Far too many layer 1 people have to deal with clueless users who call in
saying "Your mail server is haxxxing my firewall!". How do you seperate
the legitimate abuse complaints from the chaff? That said, if somebody

has

a fast connection, hand-holding them through the process of using Windows
Update by phone isn't terribly difficult.

* Yep, that is true, and it comes both by phone calls as well as email. And
again, IMHO, you gotta draw the line somewhere as to what your going to
hand-hold for. You start doing Windows Update, and end up hand-holding
entire Windows installations ... maybe even Hardware installations. And what
is Windows Update going to fix related to Viruses and Spamming anyway? Most
users get hand-held going on to sites like: symantec.com to get the virus
remove tool. And if that bombs out or they have other serious problems ...
they get offered a service call to their home (which they have to pay for)
or they can have anyone do the service call for them.

I think one of the smartest things a DSL/Cable ISP could do is negotiate a
bulk license purchase with an anti-virus software vendor such as Kaspersky
(makers of AVP), which can provide licenses for as little as $10 each in
bulk. Is $10 per customer per year too much to pay for comprehensive
auto-updating virus-scanning of client PCs?

* Hmmmm, $10 per customer times 10,000 or 15,000 or 30,000 or more. And once
you open the AV software door, you also have to open the Personal Firewall
door. Ohhhh this is getting ugly. The management and bean counters are not
gonna like this.
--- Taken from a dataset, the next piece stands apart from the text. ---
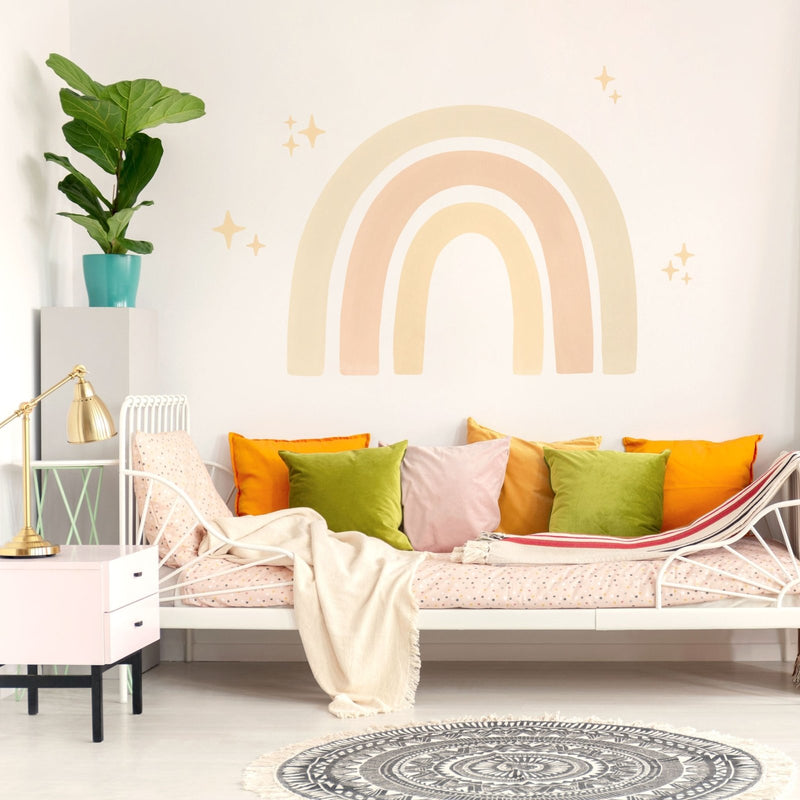 Big Watercolour Rainbow wall sticker, Boho - Made of Sundays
What about the many homes with multiple PCs? You have to
give them one software package for each PC and Laptop? Might as well throw
in that residential gateway and support the whole home network.

[snip]

Some good thoughts in this thread. I think Sean is right about this being an
end-user problem, and although we _can_ mitigate that problem somewhat at
other parts of the network, that amounts to treating the symptoms rather than
the disease.

The 3 things that would do the most to help eliminate this problem (millions
of easily 0wned end-user hosts) right now are all things that lie in
Microsoft's domain:

1) enable Internet Connection Firewall by default;
2) enable automatic Windows Update patch installation by defuault; [*]
3) modify the HTML engine in Outlook/OE such that it can ONLY render HTML,
and any active content is ignored - in other words, replace MSIE as a backend
HTML rendering engine with, say, lynx. [**]
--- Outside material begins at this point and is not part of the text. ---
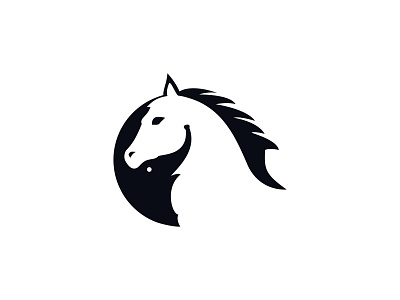 Negative Space Horse animal beautiful black business company concept creative design emblem head horse icon illustration mammal mascot modern mustang negative space simple space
(and even if the above were all incorporated into all subsequent releases of
Windows, it might take years before the old insecure hosts were finally
replaced ...)

Nothing new to this crowd, I'm sure, but I sure wish there was a way to make
this a priority to the folks at MS, who are really the only people with the
ability to make this happen. Without their compliance, the problem will never
improve (not as long as they're as dominant as they currently are).

Top posting self-reply: looks like a lot of what I've suggested may have
finally been acknowledged by MS, according to a recent Register.co.uk
article.
http://www.theregister.co.uk/content/56/33599.html

We can only hope ...

Scott Francis wrote:

Top posting self-reply: looks like a lot of what I've suggested may have
finally been acknowledged by MS, according to a recent Register.co.uk
article.
http://www.theregister.co.uk/content/56/33599.html

We can only hope ...

I read that article when it was new, a long article, however a damn good read, and IMO worth 10 minutes to read it properly.